The Evolution of Fraud Detection

I’ve been working in web security for over 10 years and chasing bots around the Internet for about as long. Over time, as defenders, we’ve had to evolve detection methods in order to compensate for the evolution of the attack vectors. Detection methods have evolved following two parallel tracks, which correspond to two different schools of thought that are slowly merging together: The transparent detection and the interactive challenge (aka CAPTCHA) tracks. In this article, we’ll review the evolution of fraud detection methods and the current state of the art.

Transparent detection

These detection methods take advantage of various signals collected from the client through JavaScript or an SDK running on the web page or mobile application respectively, as well as information collected from the way the client communicates with the server, mainly through the HTTP, IP, and TLS protocols. Transparent detection methods don’t require any user interaction.

Back in 2010, small and simple botnets...
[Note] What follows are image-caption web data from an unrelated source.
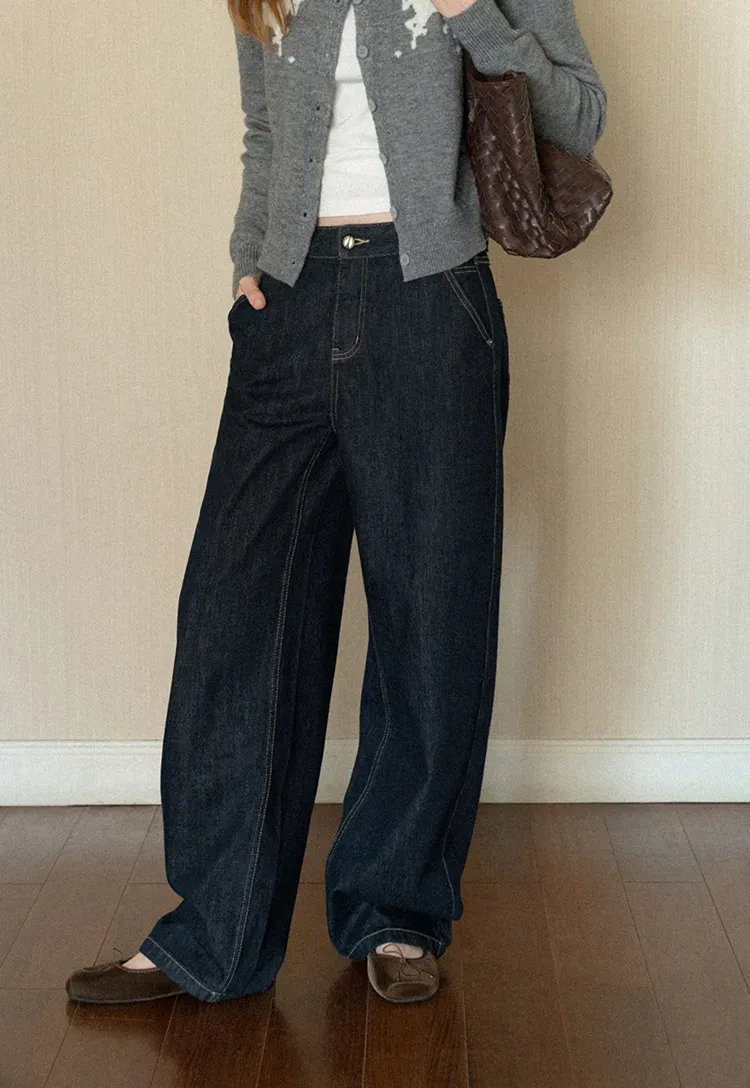 High Waist Wide Leg Denim Jeans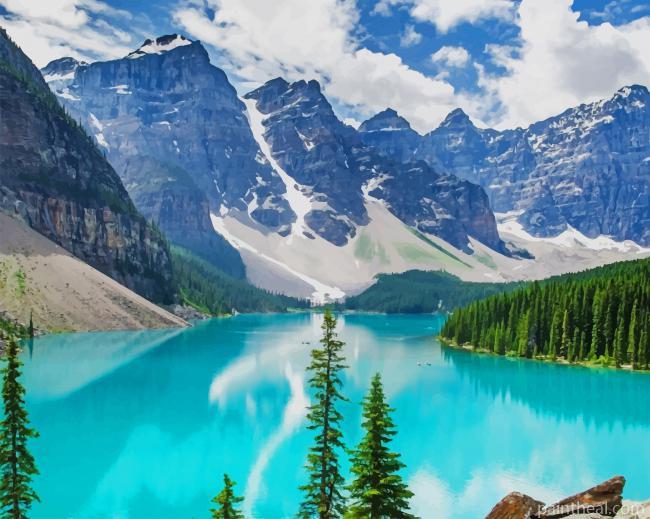 Snowy Banff National Park Canada Painting By Numbers Kits
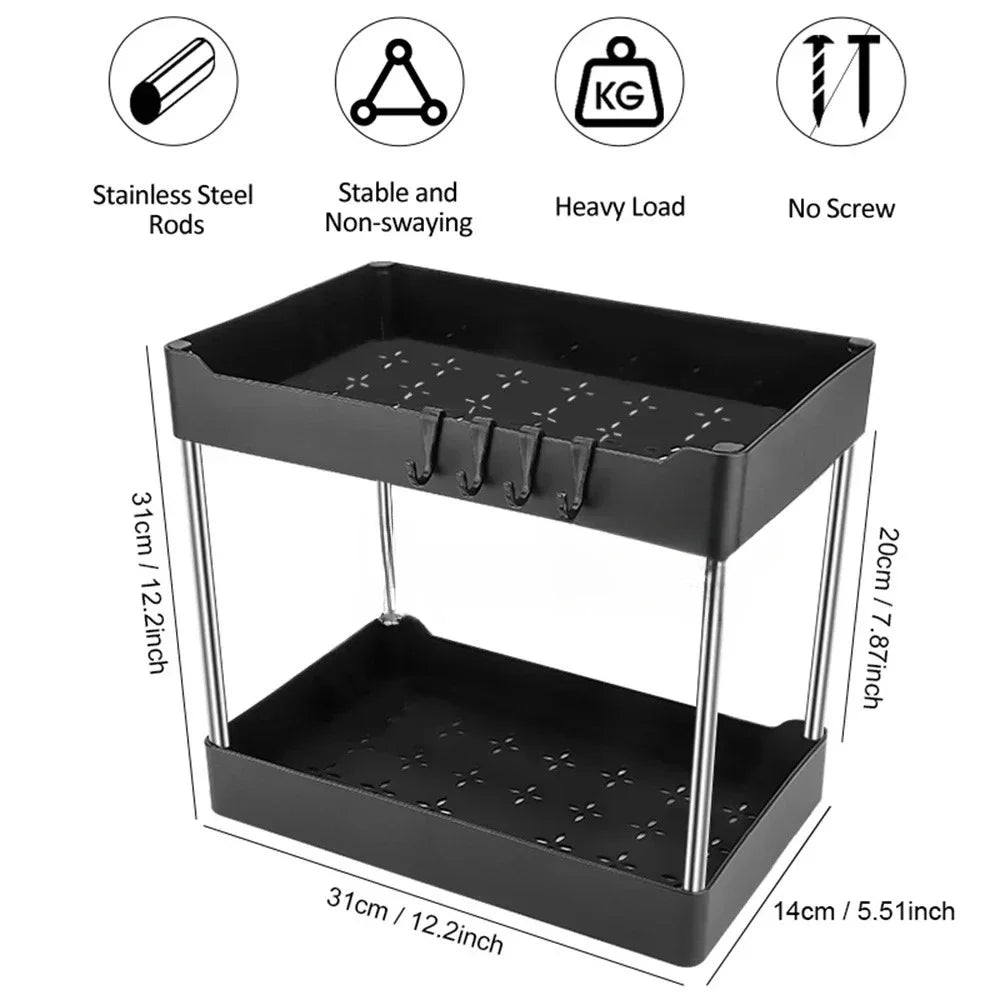 2-Tier Under-Sink Storage Rack with Hooks – Multipurpose Cabinet Organizer for Kitchen & Bathroom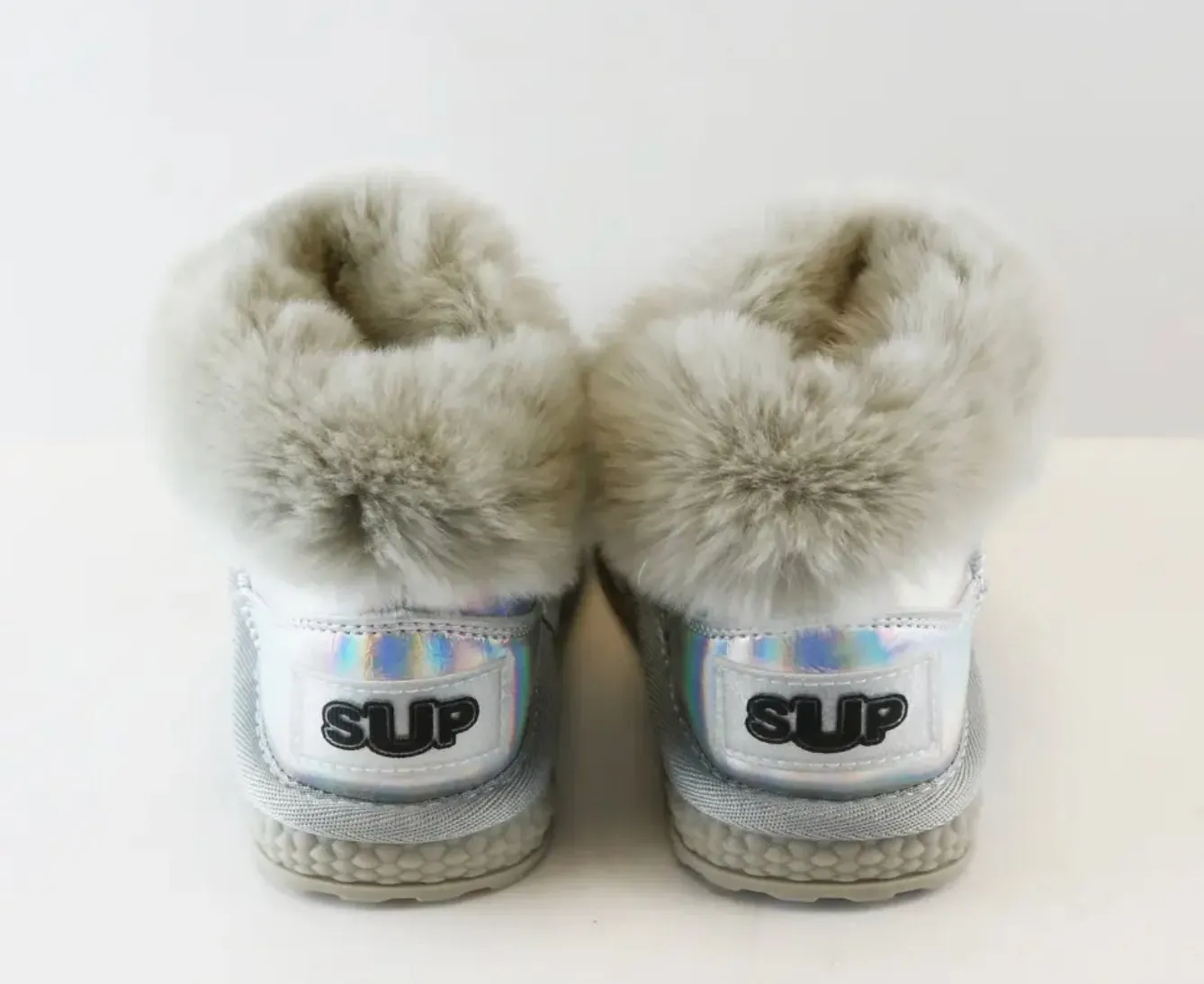 Doe a Dear SILVER Rhinestone & Pearl Furry Toddler Girls Boots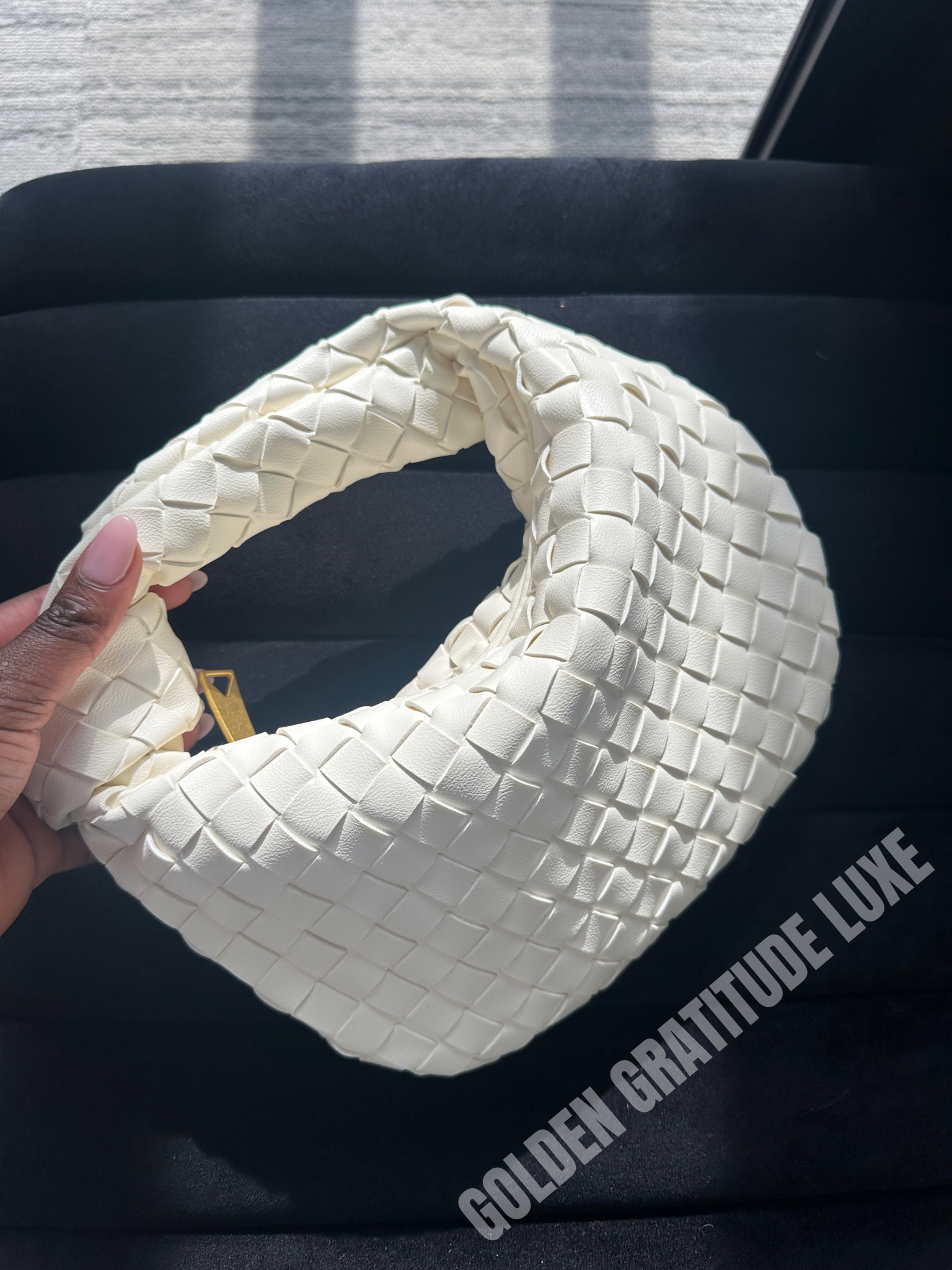 Cream Woven Knot Bag (Small)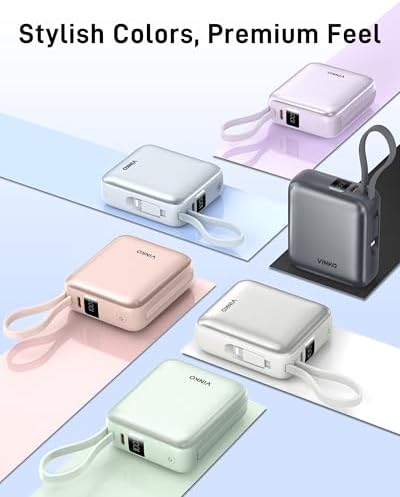 Ultra-Fast 22.5 W Mini Power Bank: 10,000 m Ah Portable Charger with Built-in Cables & LED Display | Charge 3 Devices Quickly | Sleek Design for Travel | Ideal for i Phone, Samsung, Android | Durable & Safe Power Supply for Everyday Use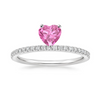 PINK SAPPHIRE HEART PERCHED RING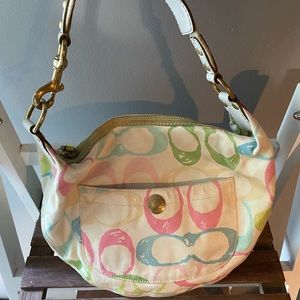 Colorful Authentic Coach hobo style small bag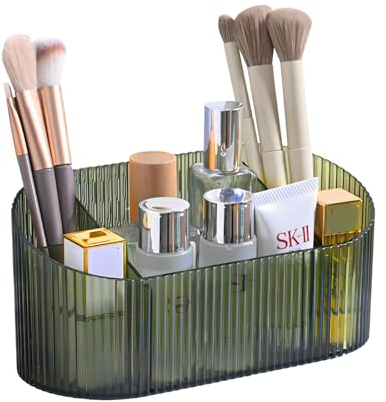 DASITON Makeup Organiser, 5 Slots Makeup Brush Holder Storage Cup, Vintage Striped Make Up Brush Holder Cosmetic and Skincare Organiser for Dressing Table, Vanity, Bathroom, Desktop (Green)
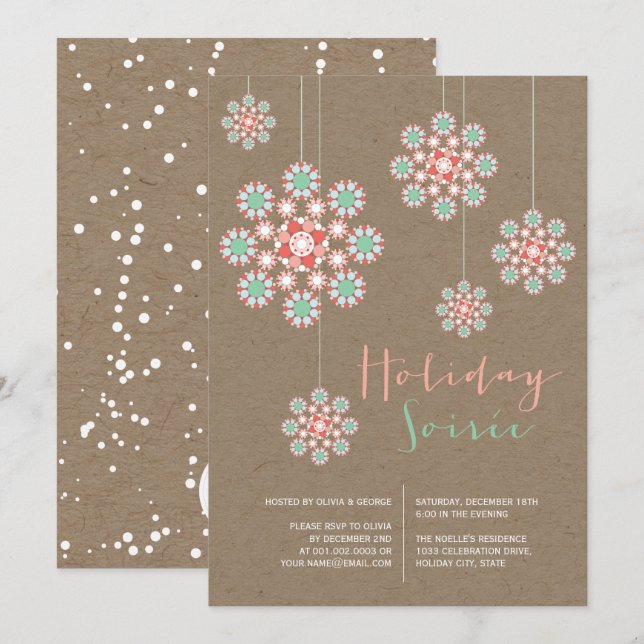 Invitation Chic Holiday Soiree Party (Devant / Derrière)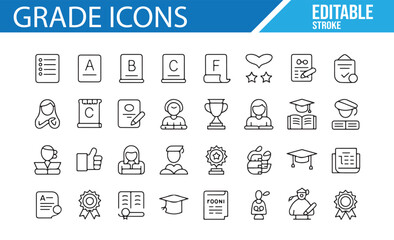Academic and School Icons Featuring Grades, Awards, and Learning Symbols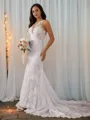 Sheath/Column Scoop Exquisite Sleeveless Court Train Lace Wedding Dresses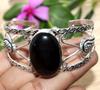 Huge Black Onyx 925 Silver Plated Bangle 6.5" Handmade Jewellery Trendy D6P87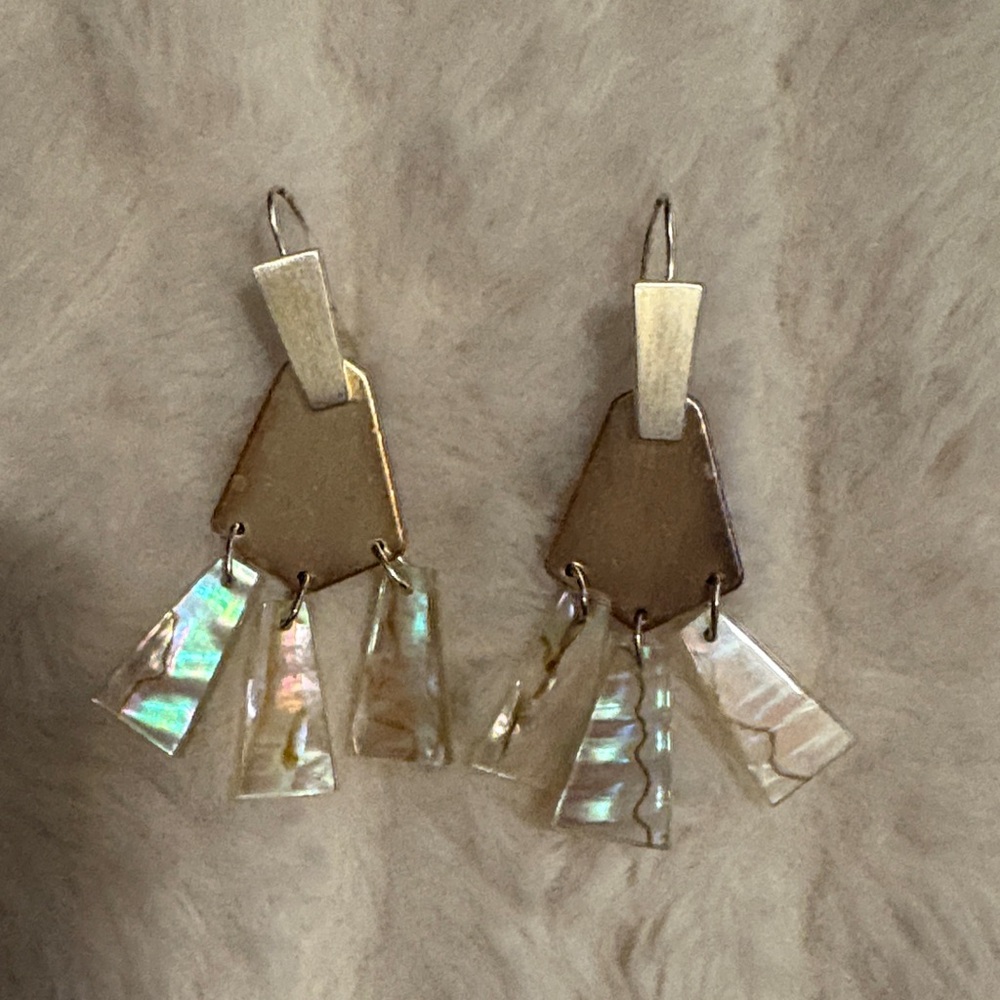 Kendra Scott Iridescent Shell Drop Earrings with Gold Accents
Rewind back 10 years ago, things were much simpler than they are today: attacks were mainly coming from botnets, which consisted of a handful of nodes and the scripts they were running were simplistic. If a botnet wanted to go through a large list of stolen credentials to verify them against various web sites with the goal of taking over the accounts, they would send requests at a very high rate, so blocking them was rather straightforward. Because the number of nodes within the botnet was rather small, we could simply get away with blocking the individual IP addresses. If we didn’t want to keep chasing the attackers around the Internet and maintaining blacklists, rate-limiting the IP would do the trick to identify clients that sent an excessive amount of requests. Lastly, because the scripts were so simplistic, their HTTP header signature looked nowhere near like what we’d expect from a regular request coming from legitimate browsers like Chrome or Firefox.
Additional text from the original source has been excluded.